We discuss what “low progesterone” really means (and what it often does not), how levels differ in natural cycles versus IVF, and why cycle length can tell us more than a single blood test.

 

TRANSCRIPT

Jordi Morrison: Okay. Hello and welcome to Knocked Up, the podcast about fertility and women's health. You were joined as always by me, Jordi Morrison and Dr. Raelia Lew, C -R -E -I, fertility specialist. Welcome, Raelia.

Dr. Raelia Lew: Hi, Jordi.

Jordi Morrison: Hi, Raelia. Today's topic is that we're talking about a hormone today.

Dr. Raelia Lew: Yeah, we thought we'd talk about the hormone progesterone.

Jordi Morrison: Yeah, we hear a lot about progesterone. I can't say I understand it, so I'm really looking forward to this episode. I want to start off with what makes progesterone so unique and essential to women.

Dr. Raelia Lew: Well, progesterone is a steroid hormone, so it's one of the families, one of the, sorry, I'll say that again. Progesterone is a steroid hormone. It's one of the family of steroid hormones, and it is the steroid hormone of pregnancy. So it is named progesterone because the jest in it is gestation or pregnancy. You can think of it as the pro -pregnancy hormone. It's the hormone that the body makes to encourage the mother to allow the baby to take hold and the pregnancy to take off and to be supported actually. So it's a really important hormone. And progesterone function is also all about timing and feedback.
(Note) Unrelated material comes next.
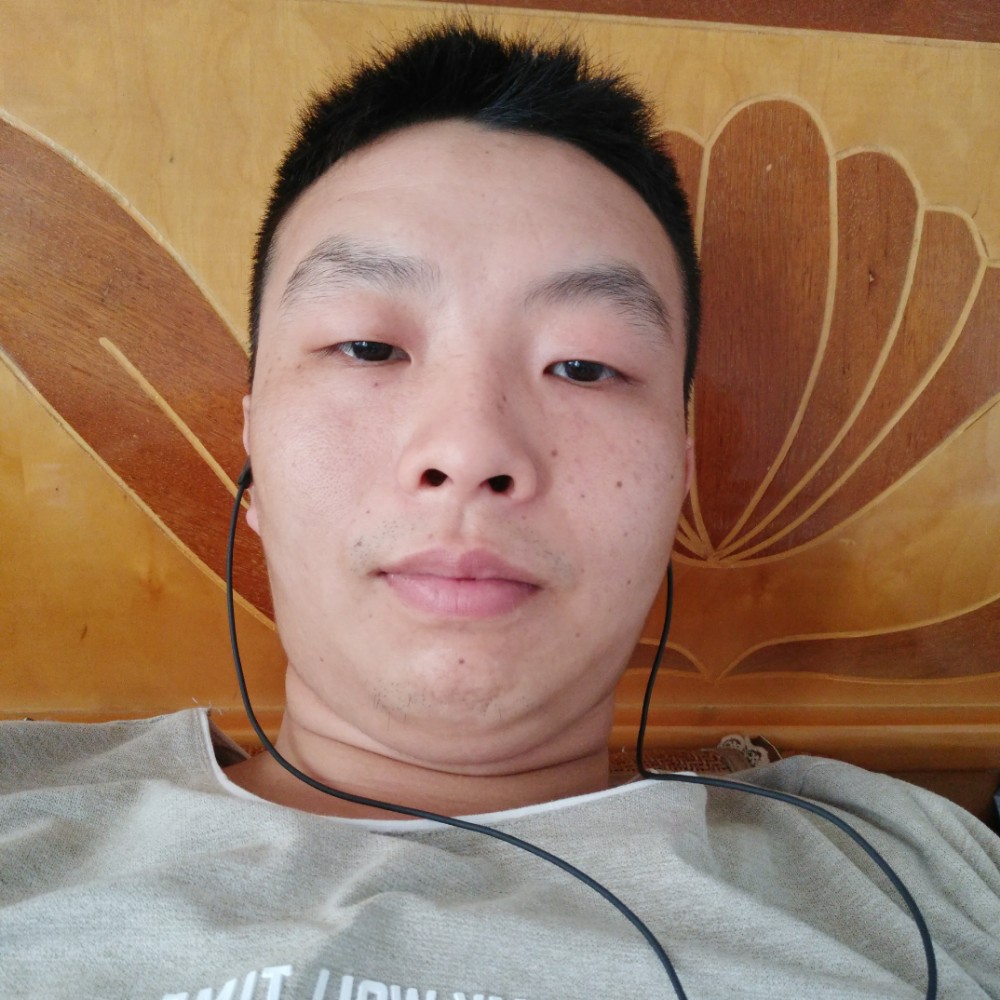问情殇的照片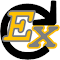 Plugin Icon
And so progesterone as a drug, as a medication, is often used as a form of contraception paradoxically because the timing of progesterone exposure to the womb is very important and so it can be used in one context to support pregnancy and in another context to prevent pregnancy.

Jordi Morrison: So interesting, is progesterone one of the hormones that the levels change throughout the menstrual cycle?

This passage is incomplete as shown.